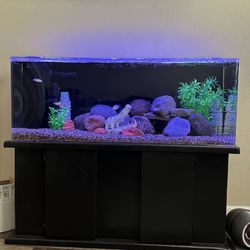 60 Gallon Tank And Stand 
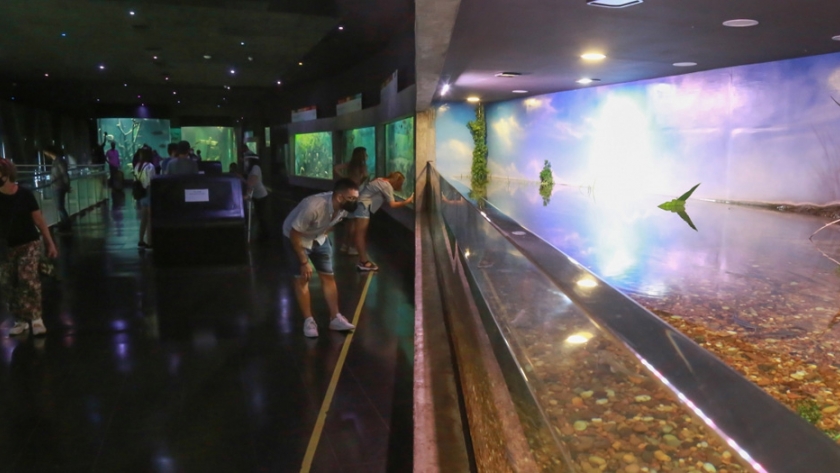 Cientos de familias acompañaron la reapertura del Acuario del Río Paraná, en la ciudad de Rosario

□ □ □ □

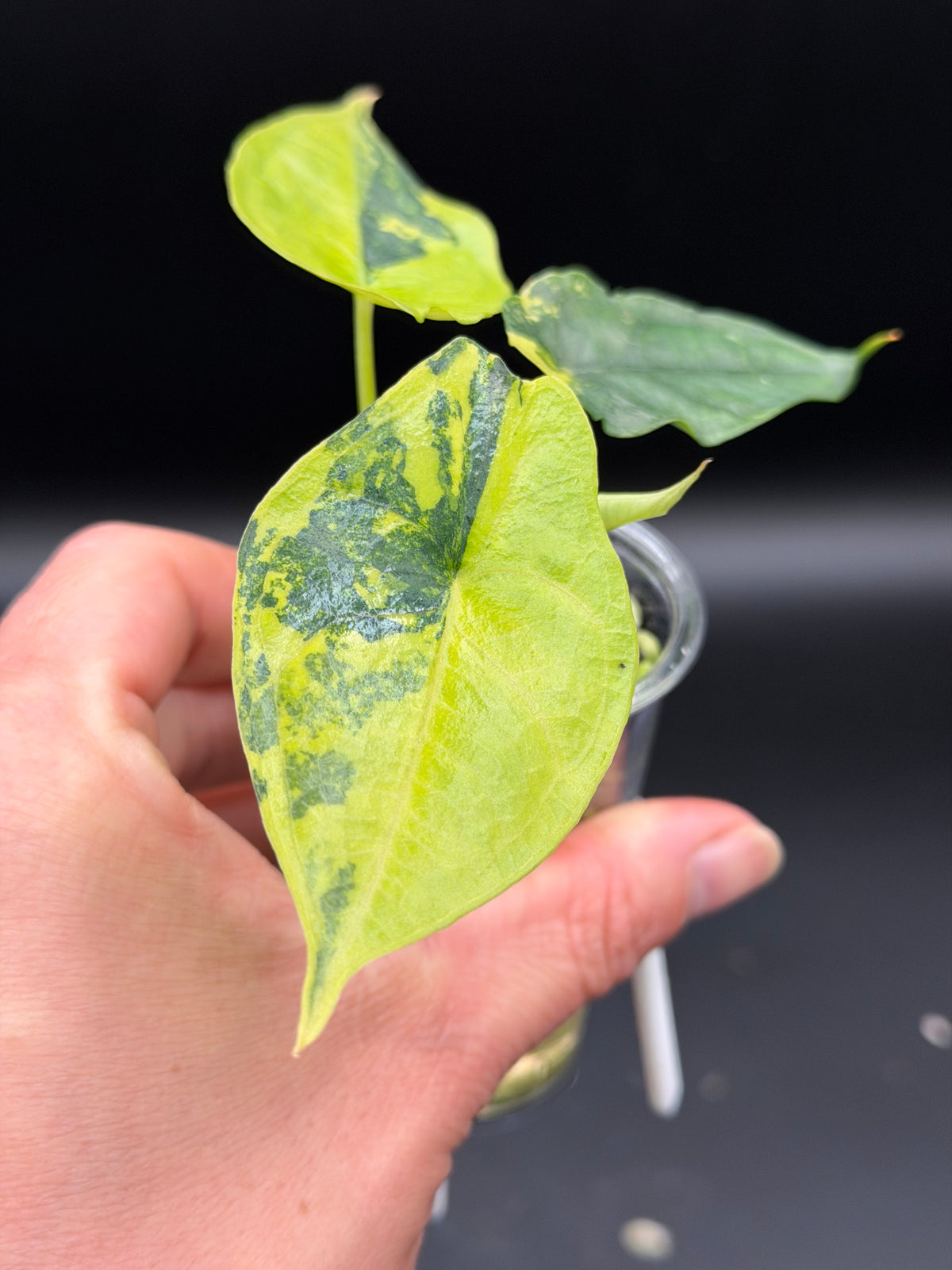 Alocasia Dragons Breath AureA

□ □ □ □

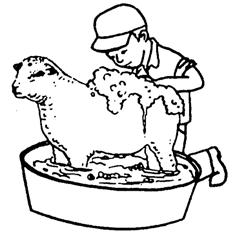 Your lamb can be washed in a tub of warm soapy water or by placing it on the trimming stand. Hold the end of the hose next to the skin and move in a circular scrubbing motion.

□ □ □ □

**EXERCISE REQUIREMENTS**
Would you copy, word for word, only the lines above from the one containing "60 Gallon Tank And Stand" through the one containing "Cientos de familias", both included, and please leave out the pictures?

**SOLUTION TO THE EXERCISE**
 60 Gallon Tank And Stand 
 Cientos de familias acompañaron la reapertura del Acuario del Río Paraná, en la ciudad de Rosario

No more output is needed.